Pressure-induced phase transitions of piezoelectric single crystals from the langasite family: La3Nb0.5Ga5.5O14 and La3Ta0.5Ga5.5O14

Abstract

The hydrostatic compression of piezoelectric single crystals of La3Nb0.5Ga5.5O14 (LNG) and La3Ta0.5Ga5.5O14 (LTG) was studied at pressures of up to 23 GPa in diamond-anvil high-pressure cells using single-crystal X-ray diffraction techniques. The reflection-intensity data for LNG and LTG were collected at pressures of up to 22.8 GPa and 16.7 GPa, respectively. Both compounds show anisotropic behaviour under pressure, which is caused by differences in bonding parallel to the a and c directions.
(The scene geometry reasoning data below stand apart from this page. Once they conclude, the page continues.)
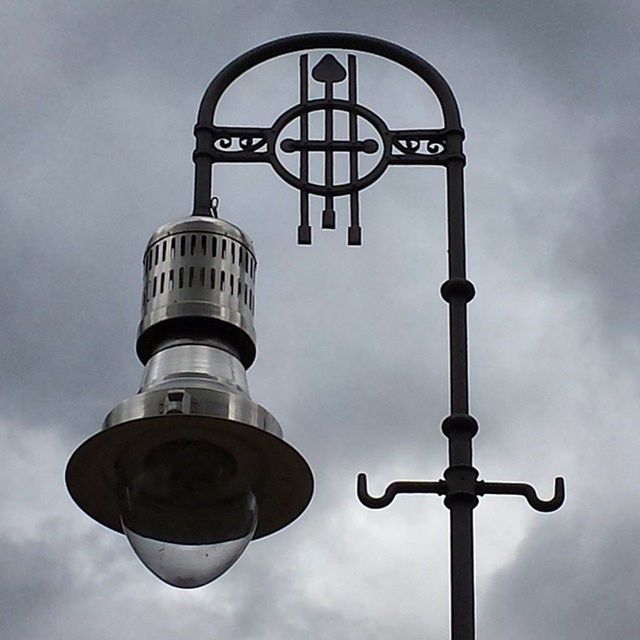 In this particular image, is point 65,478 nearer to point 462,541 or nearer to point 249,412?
point 249,412

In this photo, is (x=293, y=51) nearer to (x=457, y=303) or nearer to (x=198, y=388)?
(x=457, y=303)

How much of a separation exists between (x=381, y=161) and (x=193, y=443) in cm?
279

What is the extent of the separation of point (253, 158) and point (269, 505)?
8.61 ft

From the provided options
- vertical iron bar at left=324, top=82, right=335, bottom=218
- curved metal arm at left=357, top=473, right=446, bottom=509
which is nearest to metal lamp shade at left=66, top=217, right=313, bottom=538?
curved metal arm at left=357, top=473, right=446, bottom=509

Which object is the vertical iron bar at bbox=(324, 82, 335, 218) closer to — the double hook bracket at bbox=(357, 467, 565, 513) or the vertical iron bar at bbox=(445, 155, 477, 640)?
the vertical iron bar at bbox=(445, 155, 477, 640)

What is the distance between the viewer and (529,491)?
22.1 ft

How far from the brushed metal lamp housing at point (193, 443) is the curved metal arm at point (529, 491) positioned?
40.2 inches

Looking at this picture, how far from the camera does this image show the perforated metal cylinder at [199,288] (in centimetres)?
→ 602

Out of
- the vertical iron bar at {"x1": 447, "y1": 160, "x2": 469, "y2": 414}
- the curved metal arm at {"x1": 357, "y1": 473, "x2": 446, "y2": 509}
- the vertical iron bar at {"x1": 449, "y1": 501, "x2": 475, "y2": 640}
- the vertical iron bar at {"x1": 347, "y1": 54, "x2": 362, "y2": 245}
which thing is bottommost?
the vertical iron bar at {"x1": 449, "y1": 501, "x2": 475, "y2": 640}

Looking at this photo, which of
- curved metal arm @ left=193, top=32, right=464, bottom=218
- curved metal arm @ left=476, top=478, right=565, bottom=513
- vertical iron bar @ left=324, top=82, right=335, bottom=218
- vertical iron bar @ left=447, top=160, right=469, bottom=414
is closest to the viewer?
curved metal arm @ left=476, top=478, right=565, bottom=513

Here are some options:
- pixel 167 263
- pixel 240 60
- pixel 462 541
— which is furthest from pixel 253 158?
pixel 462 541

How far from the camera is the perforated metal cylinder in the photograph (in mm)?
6016

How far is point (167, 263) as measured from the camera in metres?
6.19

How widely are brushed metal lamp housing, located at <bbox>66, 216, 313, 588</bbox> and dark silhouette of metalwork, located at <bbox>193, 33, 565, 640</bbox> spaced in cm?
86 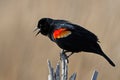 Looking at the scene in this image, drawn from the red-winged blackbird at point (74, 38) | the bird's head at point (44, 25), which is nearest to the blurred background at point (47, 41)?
the bird's head at point (44, 25)

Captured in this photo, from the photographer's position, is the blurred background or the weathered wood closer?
the weathered wood

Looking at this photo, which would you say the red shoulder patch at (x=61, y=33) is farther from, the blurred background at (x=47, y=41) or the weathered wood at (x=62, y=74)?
the blurred background at (x=47, y=41)

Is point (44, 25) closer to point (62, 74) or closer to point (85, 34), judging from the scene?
point (85, 34)

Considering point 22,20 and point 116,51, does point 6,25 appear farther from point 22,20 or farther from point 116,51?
point 116,51

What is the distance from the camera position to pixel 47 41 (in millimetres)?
7262

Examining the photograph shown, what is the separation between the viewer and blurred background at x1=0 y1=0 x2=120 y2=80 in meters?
6.80

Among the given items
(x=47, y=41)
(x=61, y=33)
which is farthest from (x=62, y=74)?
(x=47, y=41)

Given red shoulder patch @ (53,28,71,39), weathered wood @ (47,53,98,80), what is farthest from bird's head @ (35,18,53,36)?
weathered wood @ (47,53,98,80)

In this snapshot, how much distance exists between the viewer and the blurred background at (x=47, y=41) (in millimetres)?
6805

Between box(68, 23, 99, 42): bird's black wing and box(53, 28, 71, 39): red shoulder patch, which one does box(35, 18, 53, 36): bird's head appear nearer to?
box(53, 28, 71, 39): red shoulder patch

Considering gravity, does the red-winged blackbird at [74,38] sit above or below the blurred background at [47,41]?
above

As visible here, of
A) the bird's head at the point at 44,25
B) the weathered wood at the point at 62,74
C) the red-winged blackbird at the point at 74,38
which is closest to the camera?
the weathered wood at the point at 62,74

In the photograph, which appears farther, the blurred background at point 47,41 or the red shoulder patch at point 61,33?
the blurred background at point 47,41

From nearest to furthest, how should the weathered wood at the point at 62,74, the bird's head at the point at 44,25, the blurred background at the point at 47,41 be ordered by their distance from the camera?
the weathered wood at the point at 62,74, the bird's head at the point at 44,25, the blurred background at the point at 47,41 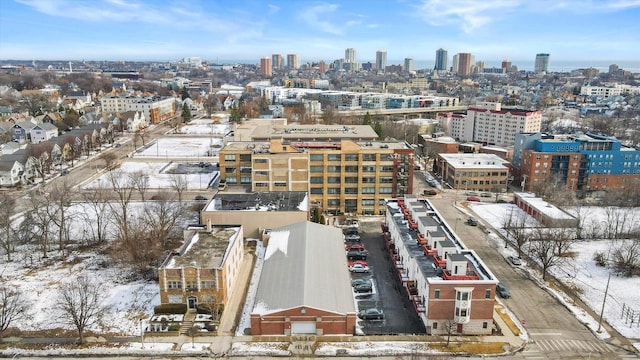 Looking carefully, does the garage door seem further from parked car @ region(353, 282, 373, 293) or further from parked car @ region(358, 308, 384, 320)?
parked car @ region(353, 282, 373, 293)

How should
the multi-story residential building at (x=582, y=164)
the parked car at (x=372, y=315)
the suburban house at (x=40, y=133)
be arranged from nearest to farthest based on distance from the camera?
the parked car at (x=372, y=315) → the multi-story residential building at (x=582, y=164) → the suburban house at (x=40, y=133)

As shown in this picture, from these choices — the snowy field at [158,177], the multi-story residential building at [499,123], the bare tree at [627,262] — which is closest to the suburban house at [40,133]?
the snowy field at [158,177]

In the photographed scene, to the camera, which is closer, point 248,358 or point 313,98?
point 248,358

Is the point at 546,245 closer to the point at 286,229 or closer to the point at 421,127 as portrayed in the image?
the point at 286,229

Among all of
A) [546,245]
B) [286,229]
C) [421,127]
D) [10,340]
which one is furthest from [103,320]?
[421,127]

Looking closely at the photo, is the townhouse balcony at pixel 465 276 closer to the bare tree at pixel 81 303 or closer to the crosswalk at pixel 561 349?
the crosswalk at pixel 561 349
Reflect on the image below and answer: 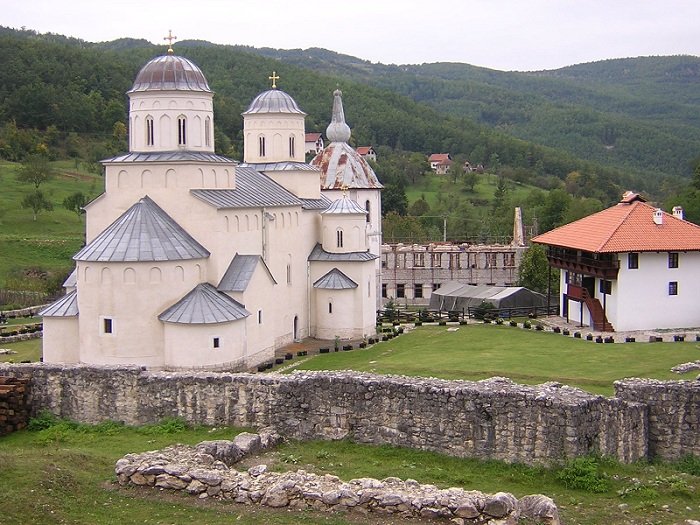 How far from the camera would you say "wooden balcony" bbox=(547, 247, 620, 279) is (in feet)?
119

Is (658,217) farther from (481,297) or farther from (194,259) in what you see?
(194,259)

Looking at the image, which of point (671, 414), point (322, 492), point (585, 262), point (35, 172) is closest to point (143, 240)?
point (322, 492)

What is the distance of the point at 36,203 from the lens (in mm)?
66938

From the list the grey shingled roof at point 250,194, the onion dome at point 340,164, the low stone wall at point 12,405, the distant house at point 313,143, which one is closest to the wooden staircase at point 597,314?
the grey shingled roof at point 250,194

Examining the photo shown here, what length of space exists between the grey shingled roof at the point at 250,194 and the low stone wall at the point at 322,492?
16005mm

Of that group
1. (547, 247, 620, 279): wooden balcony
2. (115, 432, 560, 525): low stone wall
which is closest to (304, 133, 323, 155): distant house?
(547, 247, 620, 279): wooden balcony

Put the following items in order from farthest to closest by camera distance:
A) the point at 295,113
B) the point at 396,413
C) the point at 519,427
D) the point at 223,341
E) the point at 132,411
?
the point at 295,113
the point at 223,341
the point at 132,411
the point at 396,413
the point at 519,427

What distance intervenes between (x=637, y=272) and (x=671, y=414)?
20096 mm

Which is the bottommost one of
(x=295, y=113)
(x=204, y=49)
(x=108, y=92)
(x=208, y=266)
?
(x=208, y=266)

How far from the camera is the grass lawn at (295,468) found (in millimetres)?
13641

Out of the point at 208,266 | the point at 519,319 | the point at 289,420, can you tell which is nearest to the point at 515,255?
the point at 519,319

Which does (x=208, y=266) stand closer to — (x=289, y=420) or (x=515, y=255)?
(x=289, y=420)

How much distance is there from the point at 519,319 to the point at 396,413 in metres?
25.2

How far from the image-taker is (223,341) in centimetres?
2856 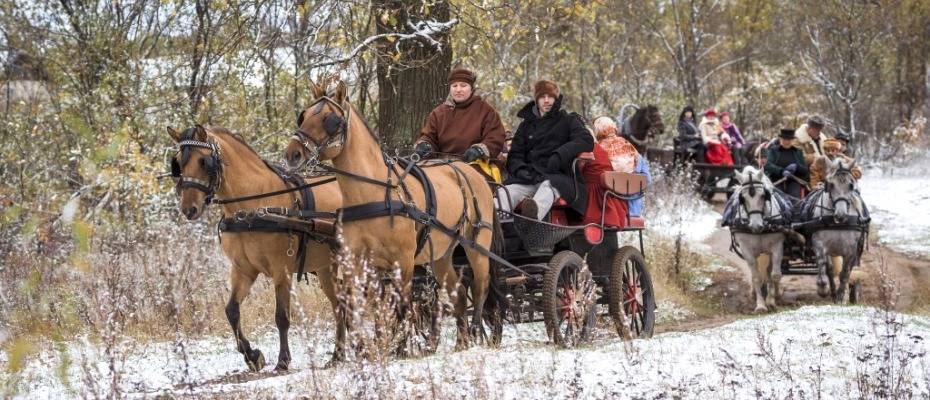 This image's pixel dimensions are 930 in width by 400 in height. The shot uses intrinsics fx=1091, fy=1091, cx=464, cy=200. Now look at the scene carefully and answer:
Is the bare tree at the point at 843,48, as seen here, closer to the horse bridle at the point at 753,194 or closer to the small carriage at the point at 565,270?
the horse bridle at the point at 753,194

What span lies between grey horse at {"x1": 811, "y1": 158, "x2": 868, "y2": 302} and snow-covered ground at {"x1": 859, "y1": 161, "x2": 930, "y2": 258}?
426 centimetres

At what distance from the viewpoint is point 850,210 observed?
1256 cm

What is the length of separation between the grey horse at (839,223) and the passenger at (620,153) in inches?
141

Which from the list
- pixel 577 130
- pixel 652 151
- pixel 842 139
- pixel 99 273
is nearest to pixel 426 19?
pixel 577 130

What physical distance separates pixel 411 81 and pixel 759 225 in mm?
4965

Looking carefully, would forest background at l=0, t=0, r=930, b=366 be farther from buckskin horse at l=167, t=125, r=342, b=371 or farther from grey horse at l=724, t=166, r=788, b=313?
grey horse at l=724, t=166, r=788, b=313

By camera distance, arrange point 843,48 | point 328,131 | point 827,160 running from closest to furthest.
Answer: point 328,131, point 827,160, point 843,48

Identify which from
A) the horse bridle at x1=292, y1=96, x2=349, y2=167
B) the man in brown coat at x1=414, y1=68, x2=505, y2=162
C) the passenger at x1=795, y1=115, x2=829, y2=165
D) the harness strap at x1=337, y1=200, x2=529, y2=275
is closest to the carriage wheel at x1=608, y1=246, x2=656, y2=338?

The compression of strongly rigid structures leads to increasing internal strains and results, at pressures of 12.4 (3) GPa for LNG and 11.7 (3) GPa for LTG, in a transition to lower symmetry. The compressibilities along the c axis are almost the same for LNG and LTG through the whole investigated pressure range. In contrast, the pressure dependencies of the a axis of these materials are similar only for the initial phase, and the axial compressibilities for the high-pressure polymorphs of LNG and LTG are significantly different to each other. The volume compressibilities of trigonal LNG and LTG (space group P321) are about 0.007 GPa−1; respective bulk moduli are 145 (3) GPa and 144 (2) GPa. The monoclinic high-pressure phases (space group A2) of LNG and LTG show differing compressions, which can be explained by the substitution of Ta5+ for Nb5+. Thus, the bulk moduli for the high-pressure polymorphs of LNG and LTG are B 0 = 93 (2) GPa and B 0 = 128 (12) GPa, respectively. The volume compressibilities of the high-pressure phases at 0.011 GPa−1 for LNG and 0.008 GPa−1 for LTG are higher than the initial phases, this effect being more pronounced in the case of LNG.